#### Data shown
----------
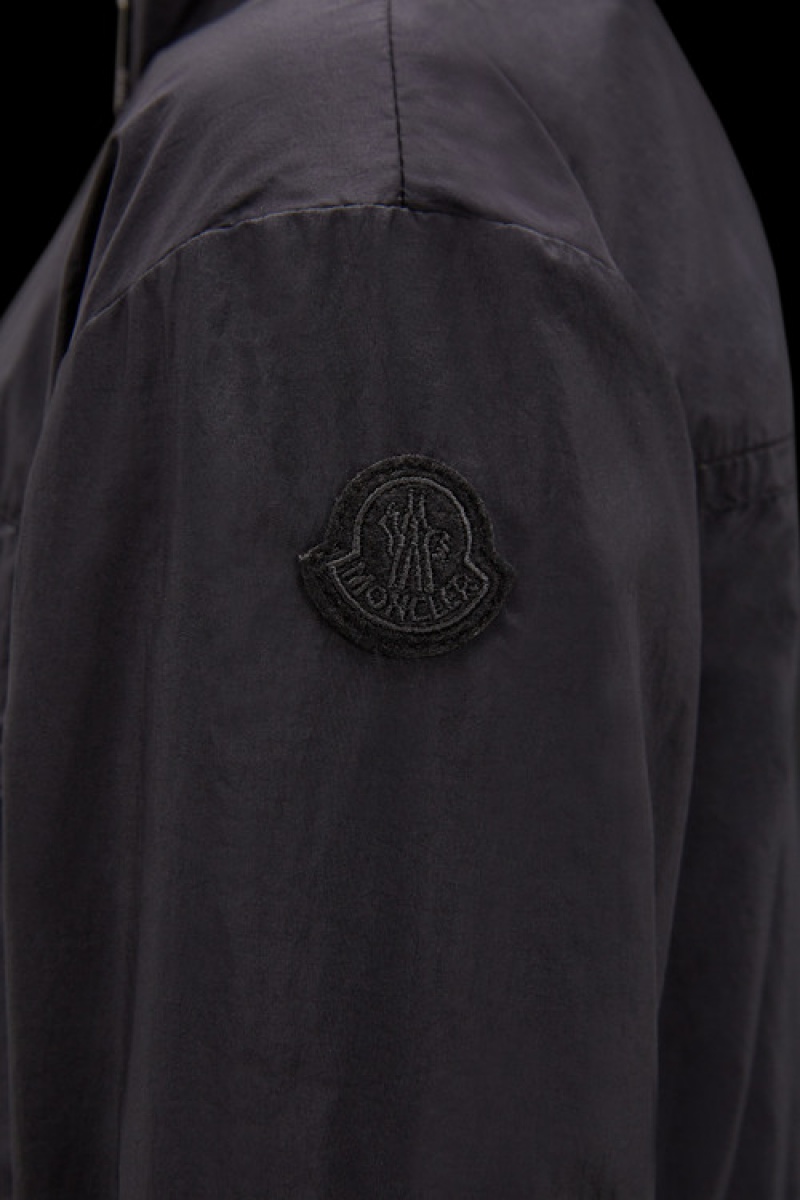 Chamarras Moncler Ailisia Encapuchado Niña Negros | IXBV-53921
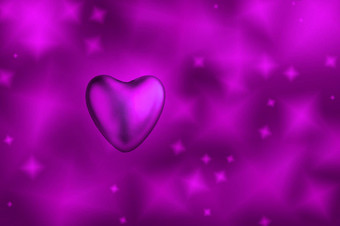 紫色的心紫色的背景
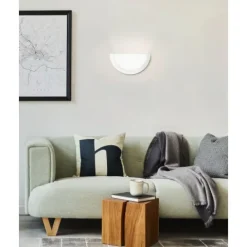 Aplique de Parede Metálico Branco com Tampa de Vidro PLANET 1 EGLO 83154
----------
#### Exercise objective
Give back the listing exactly, with the pictures removed.

#### Exercise result
 Chamarras Moncler Ailisia Encapuchado Niña Negros | IXBV-53921
 紫色的心紫色的背景
 Aplique de Parede Metálico Branco com Tampa de Vidro PLANET 1 EGLO 83154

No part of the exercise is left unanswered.